22 dicembre 2014 | 12:11

Google News Spagna è vivo: editori fregati due volte. Il servizio continua a esistere nonostante sia chiuso il motore verticale di notizie

(Tomshw.it) Google News Spagna esiste ancora ma sotto mentite spoglie. Sembrava che gli editori fossero usciti sconfitti dalla battaglia con i giganti dalle braccia rotanti – in verità mulini a vento – ma ecco il colpo di scena. Quello scontro non c’è mai stato; è stato un sogno di un sogno.

L’aggregatore spagnolo di Google ha chiuso ufficialmente il 16 dicembre – provocando un crollo del 15% del traffico di numerose testate online – in risposta alla nuova legge che dal primo gennaio 2015 imporrà a tutti i servizi di questo tipo di pagare gli editori di siti web. Però in questi giorni si è scoperto che “Google News” continua a vivere in qualità di motore di ricerca verticale.
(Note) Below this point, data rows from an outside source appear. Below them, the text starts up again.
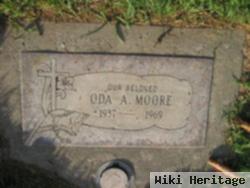 Oda A Moore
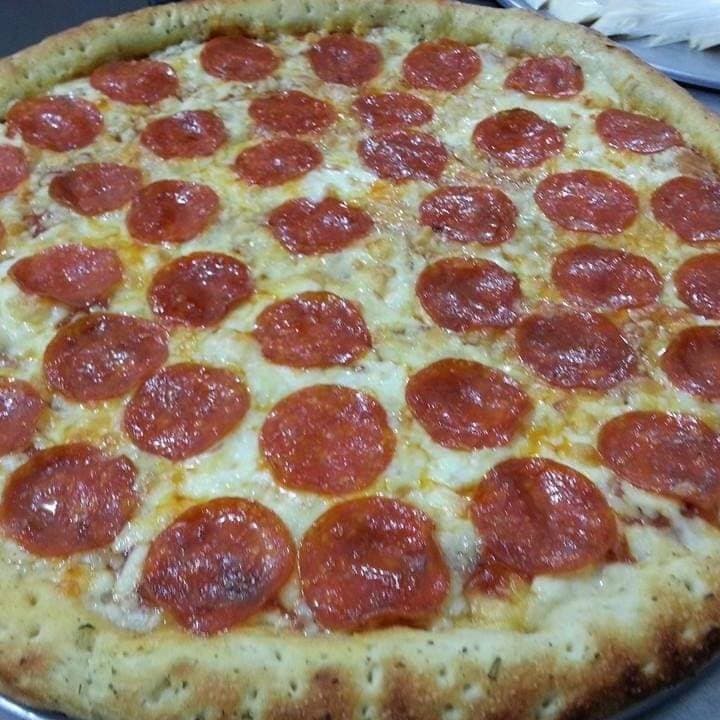 Pizza Peperroni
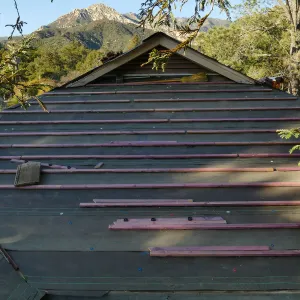 North Wing roof replacement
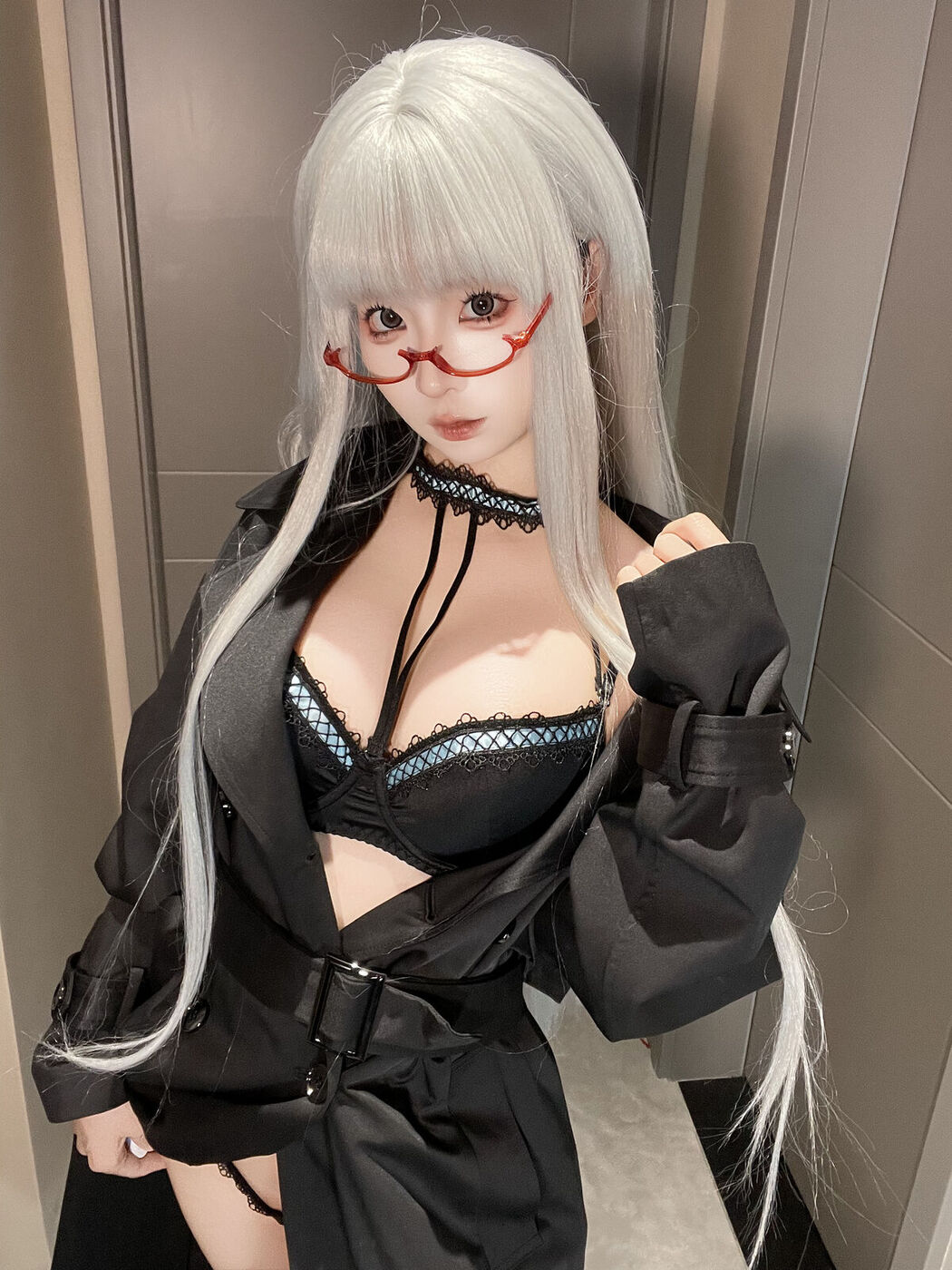 Coser@蠢沫沫 chunmomo – 六月自拍合集本 Part01 (68P – 2V)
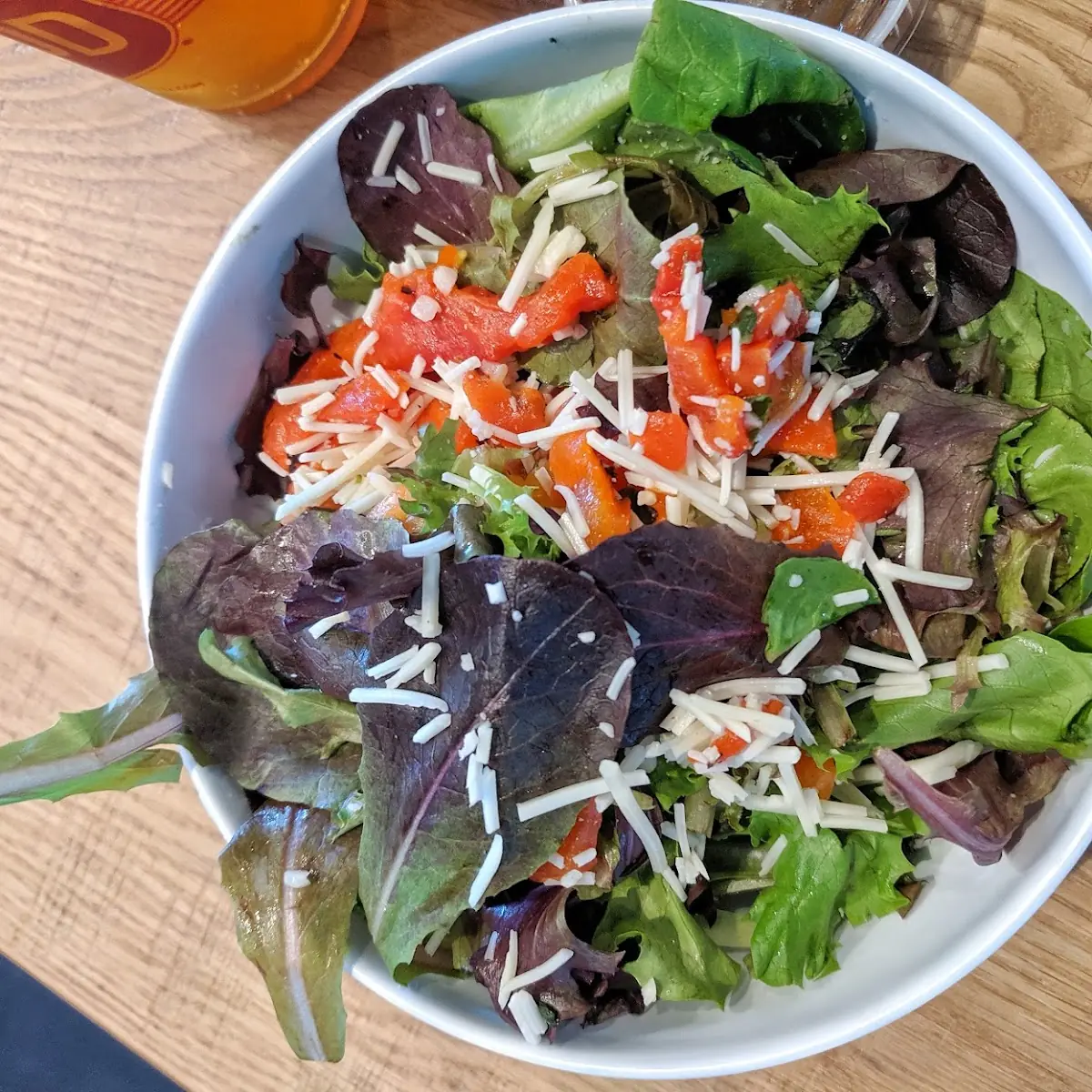 Simple Salad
È sufficiente digitare un query nel motore di ricerca per ottenere nei risultati un box denominato “En las noticias” con una selezione di articoli dei principali editori spagnoli correlati all’argomento. Inoltre, come se non bastasse, continua a esistere il canale “Noticias” accanto ai link Videos e Maps.

Un errore? No di certo, come ha confermato Google a Search Engine Land. Questi due servizi continueranno a esistere, ma a questo punto bisognerà capire se la mancanza di compenso per le testate citate violi o meno la nuova norma.

La sensazione è che l’algoritmo di Google News continui a vivere, solo che adesso è nascosto nel motore di ricerca principale. Sono burattini quelli che agitano le notti insonni degli editori spagnoli o veri demoni?

http://www.tomshw.it/cont/news/google-news-spagna-e-vivo-editori-fregati-due-volte/61496/1.html

  • Claud Bohm

    La legge spagnola riguarda gli aggregatori di notizie, non i motori di ricerca. Per questo Google ha chiuso Google News in Spagna ma non ha tolto le notizie dai risultati delle ricerche. Dire che per questo “gli editori sono fregati due volte” è una forzatura e non corrisponde ai fatti.